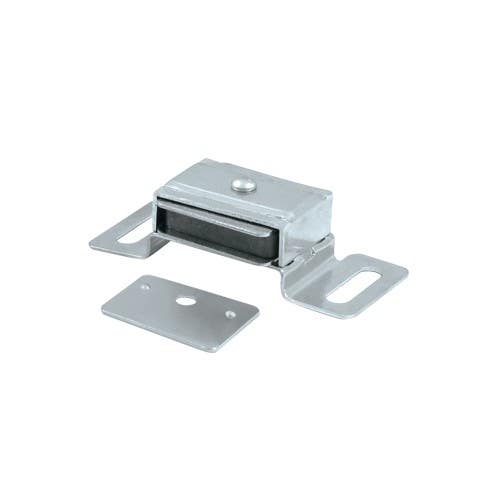 Deltana MC32 Magnetic Catch, Finish-Brushed Chrome
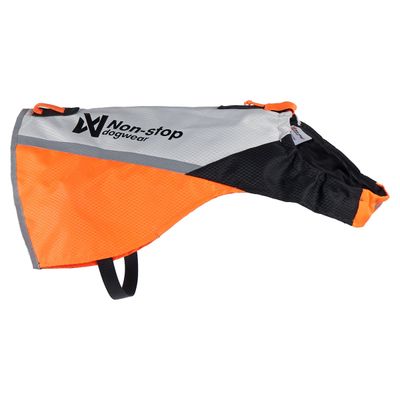 Non-stop dogwear Sicherheitsweste Protector Cover 2.0 weiß/schwarz/orange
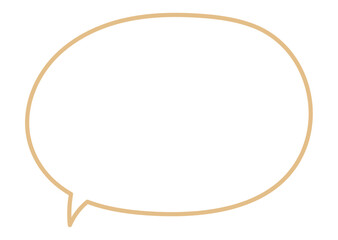 シンプルな丸いふきだし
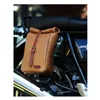 cafe 4 racer - Trip Machine Mini Pannier vintage tan - Tripmachine Tašky 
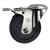 4" Total Lock Swivel Caster with bolt hole and hard rubber wheel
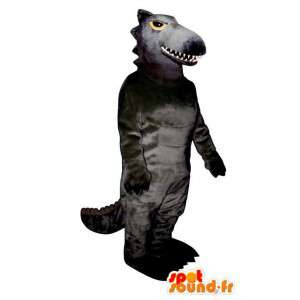 黒の恐竜のマスコット。恐竜のコスチューム-MASFR006887-恐竜のマスコット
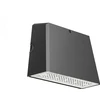 Solar Plus WALLPAK 282x205x125mm. 70W 8050LM 4000K CRI80 asimetrinis IP66 IK08 juodas C3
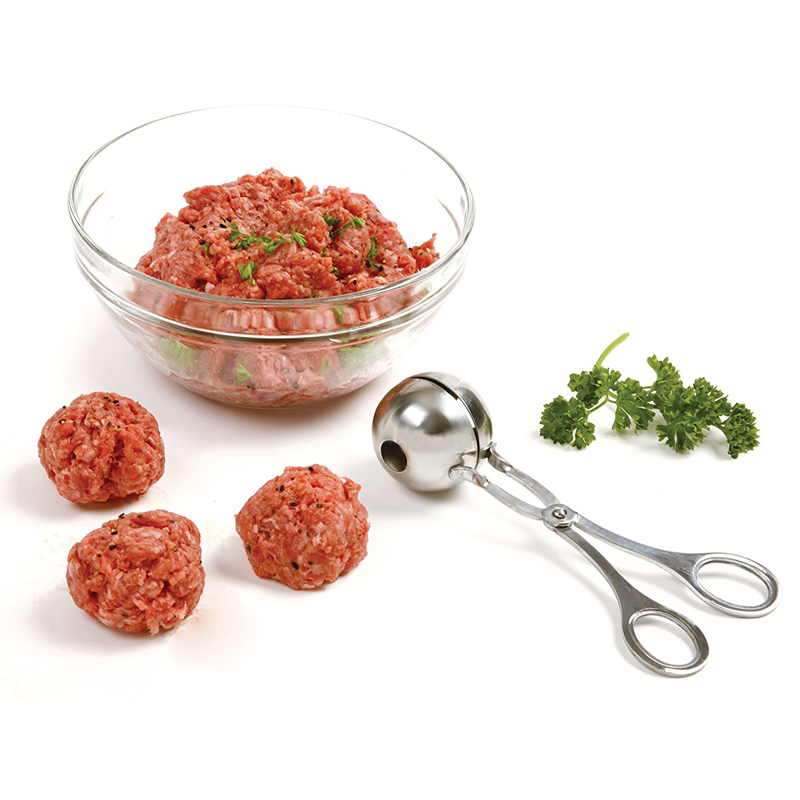 美国Norpro 创意不锈钢制作肉丸器 烘焙蛋糕巧克力丸子夹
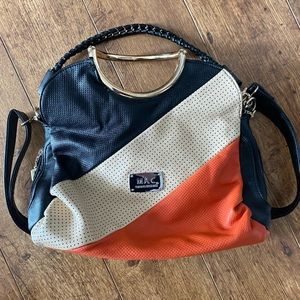 MAC Purse. Black, orange and tan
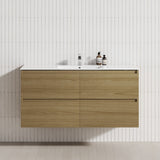 4-Drawer 1200/1500/1800mm Wall Hung Bathroom Floating Vanity Multi-Colour Cabinet Only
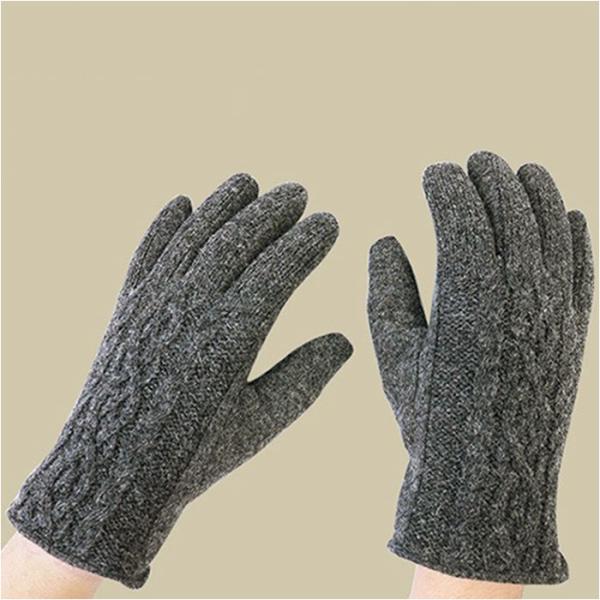 手袋 レディース 通販 ウール 極暖 裏ボア あったか スマホ対応 5本指 刺繍 暖かい スマホ ス...
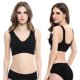 thumbnail image 4 of Sujetador deportivo push up con hebilla cruzada frontal y lateral, talla grande, sin aro de acero, con encaje ajustable, para correr, dormir, ropa interior hermosa para mujer, 4 of 6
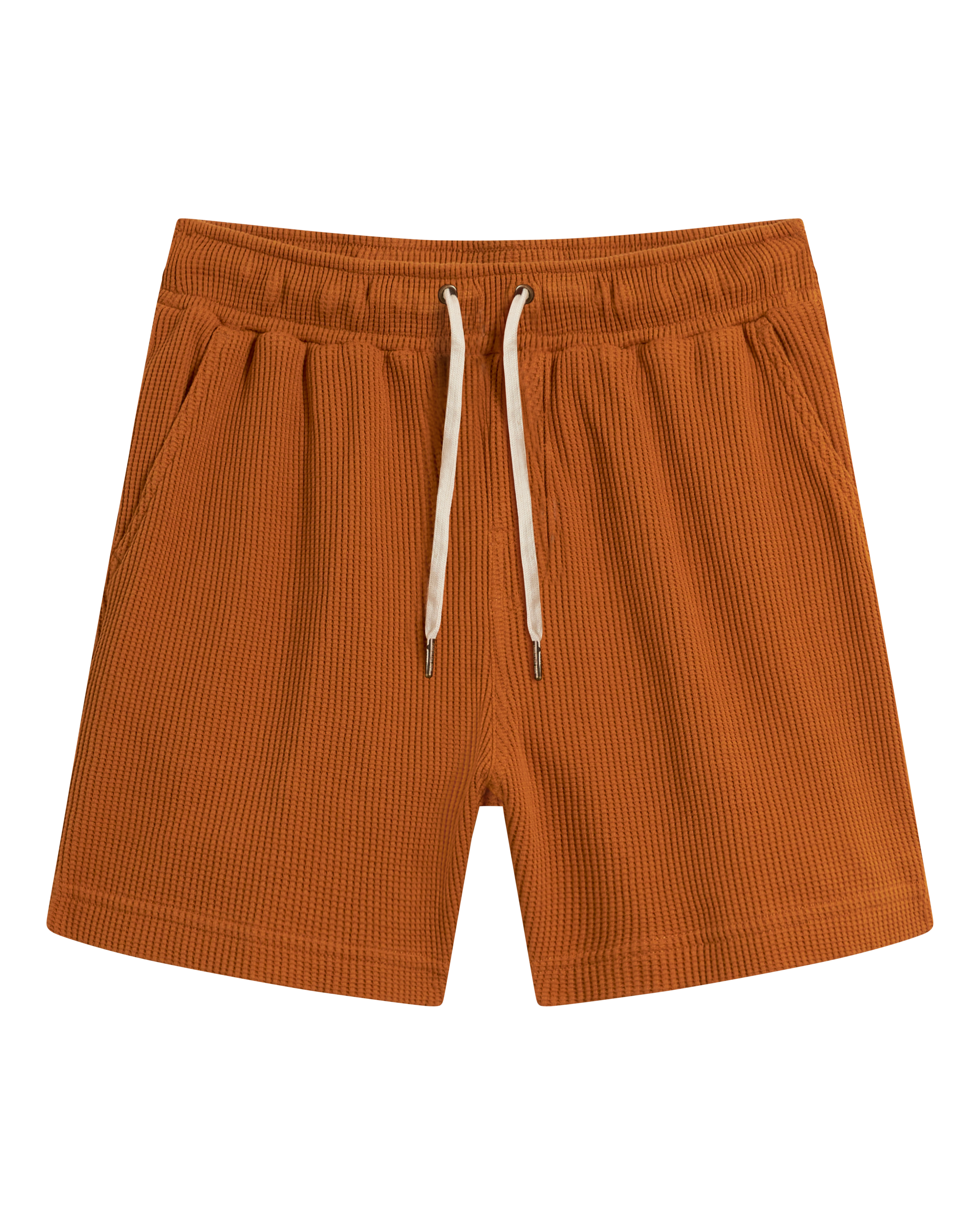 The Cannes Waffle Knit Shorts - Burnt Sienna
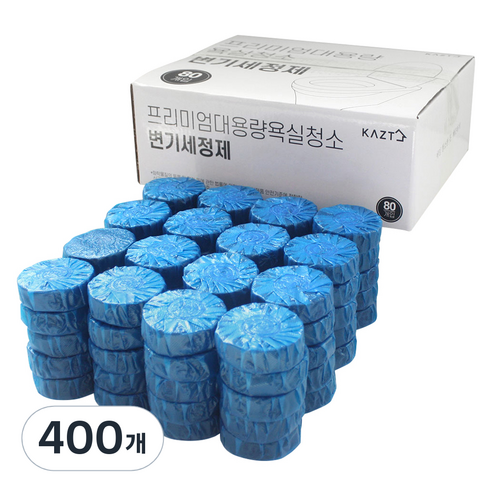 가쯔 프리미엄 대용량 욕실 청소 변기 세정제, 50g, 400개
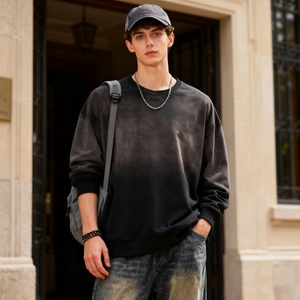 TKAN309D Personalizado Hombres Invierno Nuevo estilo Oversize casual Peso pesado 100% Algodón Retro Lavado Cuello redondo Sudadera con capucha - Product Image 1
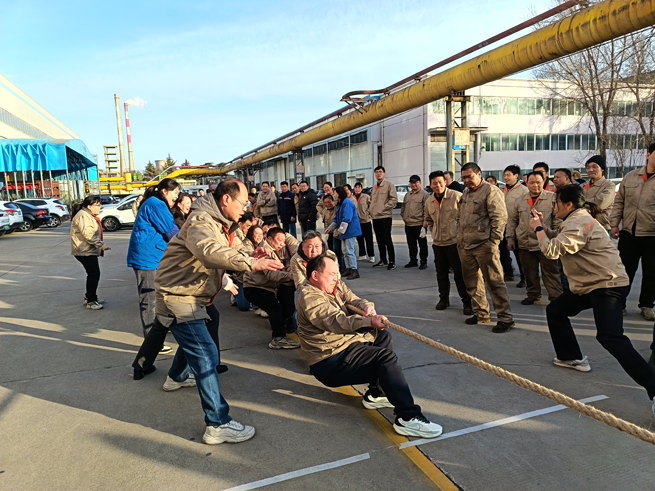 boost morale and achieve good results tug of war activities work together to get off to a good start in the 2025 first quarter 3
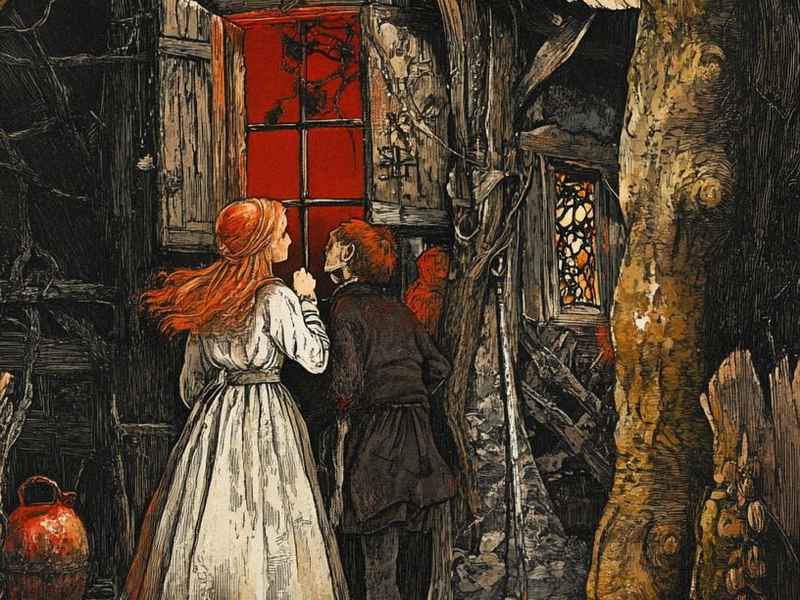 安徒生童话插图画的是什么故事、安徒生童话里面的插图怎么画图片
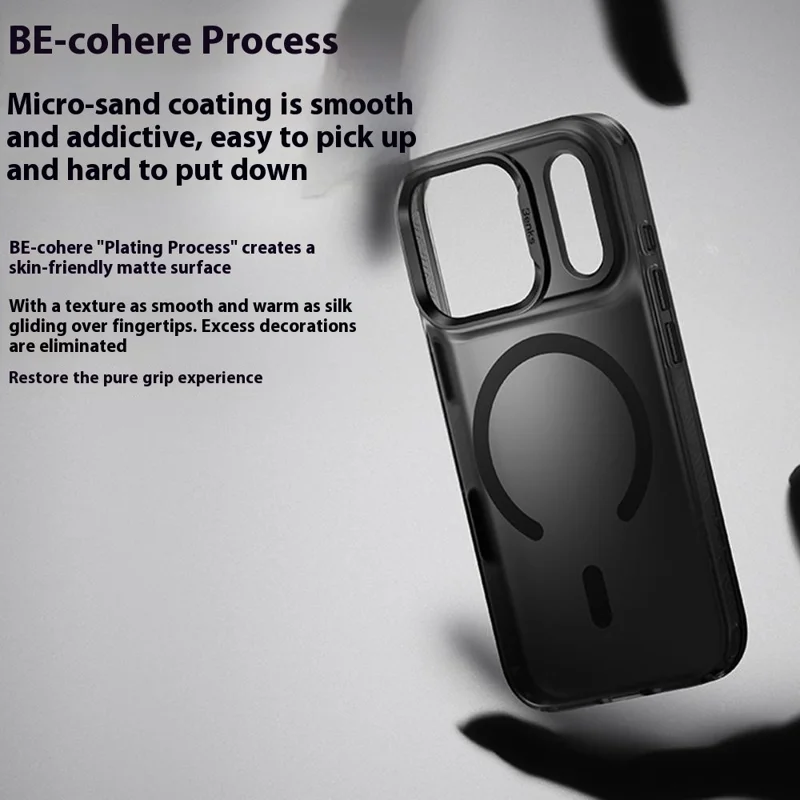 BENKS For iPhone 17 Pro Max Case PC + TPU Matte Magnetic Phone Cover Compatible with MagSafe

• **EXERCISE REQUIREMENTS**: Restate the material word for word from its first line through the line containing "黒の恐竜のマスコット。恐竜の", both included; the pictures do not belong in it.

• **EXERCISE RESULT**:
 Deltana MC32 Magnetic Catch, Finish-Brushed Chrome
 Non-stop dogwear Sicherheitsweste Protector Cover 2.0 weiß/schwarz/orange
 シンプルな丸いふきだし
 cafe 4 racer - Trip Machine Mini Pannier vintage tan - Tripmachine Tašky 
 4" Total Lock Swivel Caster with bolt hole and hard rubber wheel
 黒の恐竜のマスコット。恐竜のコスチューム-MASFR006887-恐竜のマスコット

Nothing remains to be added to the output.